Uzun bir süre ciddiye almadım ve önemsemedim. “Kim ne derse desin,
sen kendini biliyorsun” düsturuyla hareket ettim. Ama artık hiçbir
dayanağı olmayan iftiralar neredeyse milli bir mesele haline
gelince şu bizim “olmayan yalı” meselesini bir daha yazmak şart
oldu...
O DÖNEMKİ FAİZ ORANIYLA VE TAMAMEN ŞEFFAF
Neresinden düzelteceğimi bilemiyorum ama en başından
başlayayım:
Ortada yalı, malı yok. Bizim bir yalımız yok! Evimiz bir yokuşta.
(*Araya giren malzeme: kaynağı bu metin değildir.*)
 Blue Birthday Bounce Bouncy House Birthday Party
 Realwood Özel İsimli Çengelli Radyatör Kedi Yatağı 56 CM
Bir sitede, üç katlı bir binanın bahçe katı dairesi. Söylenen bütün
laflar yalan!
Tam 5 yıl oldu, Şubat 2013’te bir ev kredisi almaya karar verdik.
17-25 Aralık’tan aylar önceydi. O zaman neredeyse bütün devlet
kurumlarının ve devlet şirketlerinin parası Bank Asya’daydı. Devlet
nezdinde meşru bir bankaydı. Şimdi bize iftira attıran kimilerinin,
ayrıca neredeyse birçok TÜSİAD ve CHP üyelerinin de bu bankayla
ticari ilişkisi vardı.
Hem aldığımız maaş bordrolarını, hem ailemizin üzerine olan
tapuları, hem de satın aldığımız evi ipotek göstererek o dönem
piyasadaki faiz oranı ne ise o kadar bir oranla bu krediyi aldık.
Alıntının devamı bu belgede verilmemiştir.